Vascular lipid accumulation and inflammation are hallmarks of atherosclerosis and perpetuate atherosclerotic plaque development. Mediators of inflammation, ie, interleukin (IL)-6, are elevated in patients with acute coronary syndromes and may contribute to the exacerbation of atherosclerosis.

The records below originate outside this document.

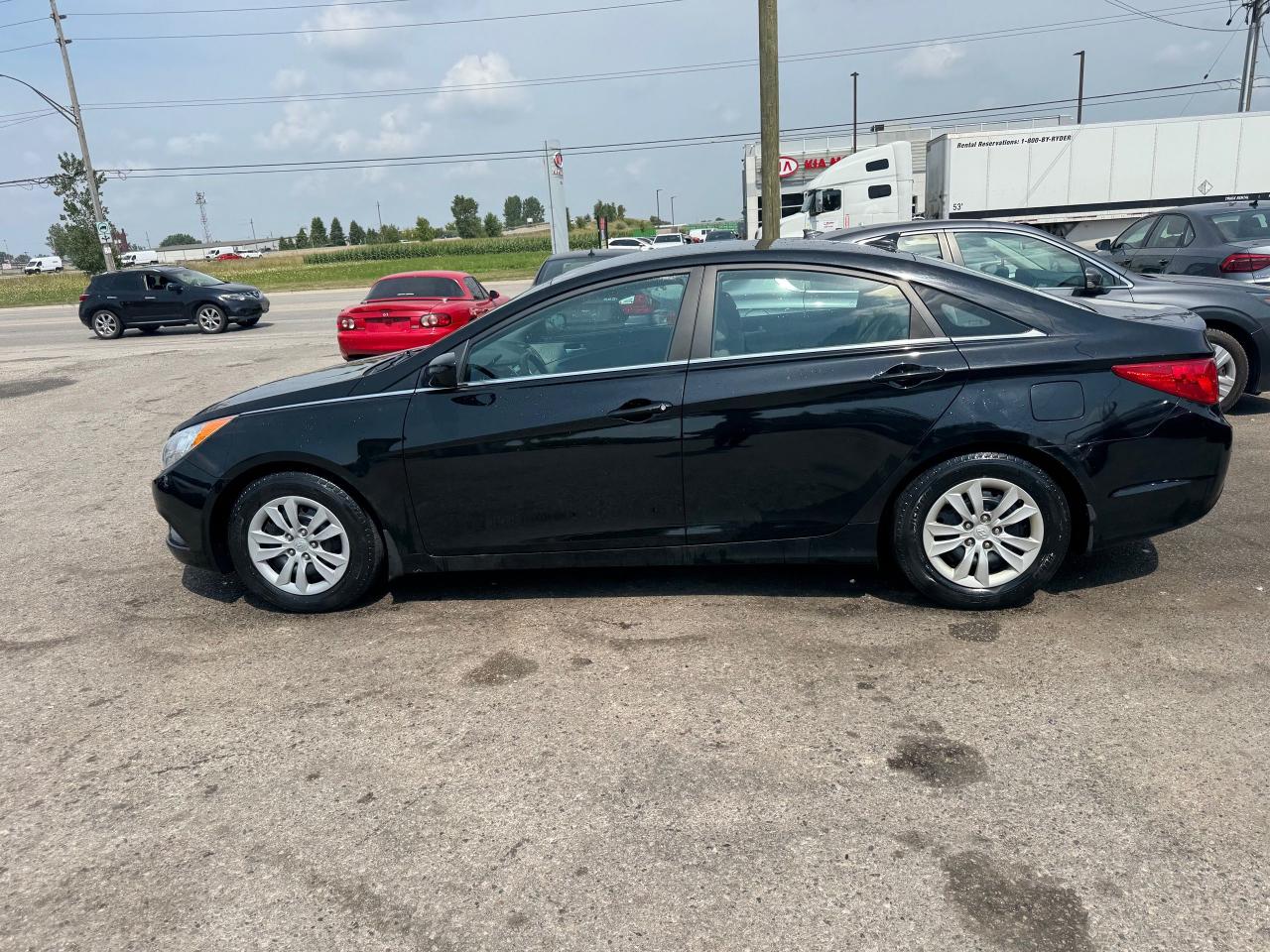 2013 Hyundai Sonata GL, SEDAN, AUTO, 4 CYL, ONLY 164KMS, CERTIFIED - Photo #2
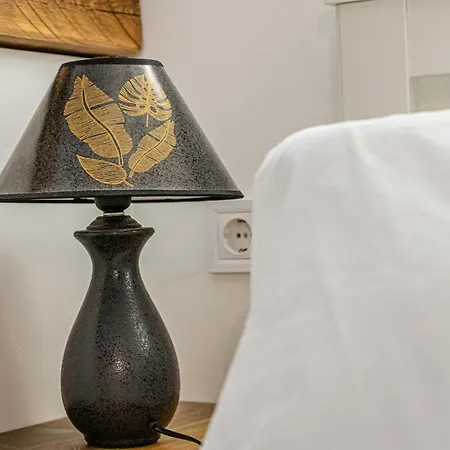 Charming & The Hidden Gem On Akacfa Str Apartment *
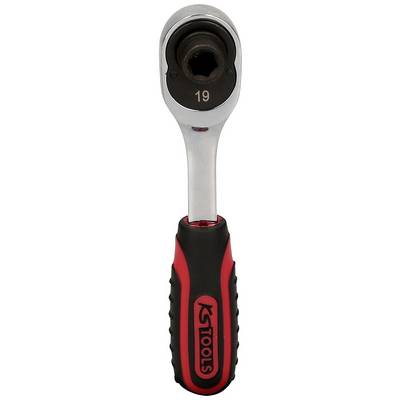 Une clé à cliquet réglable avec une poignée ergonomique rouge et noire. La tête dispose d'un carré d'entraînement de taille 19.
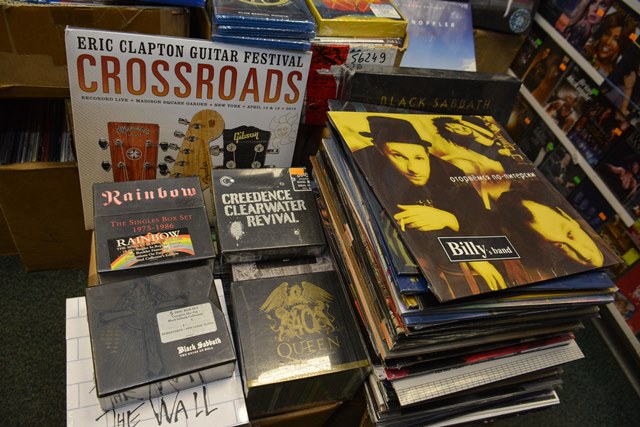 Пластинка выделки-то стоит!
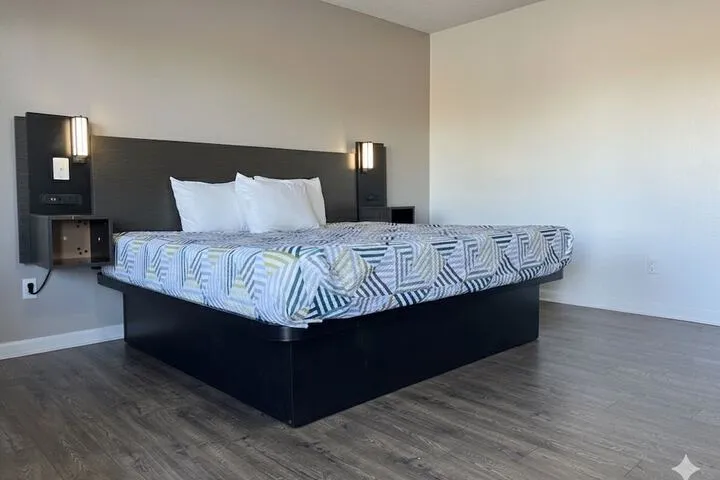 Room 4 of 38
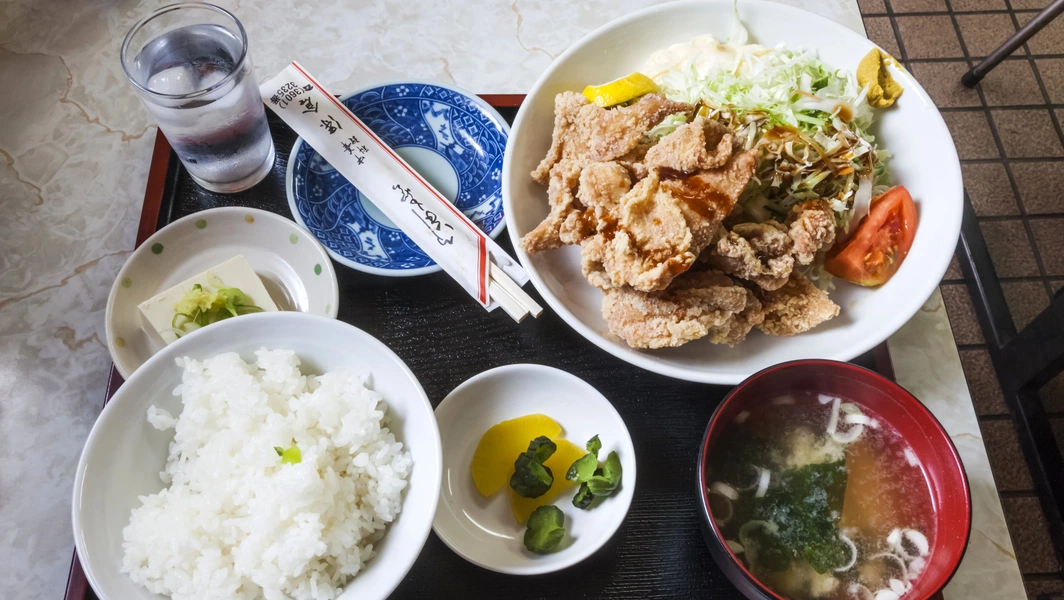 7 essential Japanese dining customs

To assess the role of IL-6 in atherosclerosis, ApoE-/--IL-6-/- double-knockout mice were generated, fed a normal chow diet, and housed for 53+/-4 weeks. Mortality and blood pressure were unaltered. However, serum cholesterol levels and subsequent atherosclerotic lesion formation (oil red O stain) were significantly increased in ApoE-/--IL-6-/- mice compared with ApoE-/-, wild-type (WT), and IL-6-/- mice. Plaques of ApoE-/--IL-6-/- mice showed significantly reduced transcript and protein levels of matrix metalloproteinase-9, tissue inhibitor of metalloproteinase-1, collagen I and V, and lysyl oxidase (by reverse transcriptase-polymerase chain reaction and immunohistochemistry). Recruitment of macrophages and leukocytes (Mac3- and CD45-positive staining) into the atherosclerotic lesion was significantly reduced in ApoE-/--IL-6-/- mice. The transcript and serum protein (ELISA) levels of IL-10 were significantly reduced.


Thus, a lifetime IL-6 deficiency enhances atherosclerotic plaque formation in ApoEK-/--IL-6-/- mice and leads to maladaptive vascular developmental processes. These observations are consistent with the notion that baseline levels of IL-6 are required to modulate lipid homeostasis, vascular remodeling, and plaque inflammation in atherosclerosis.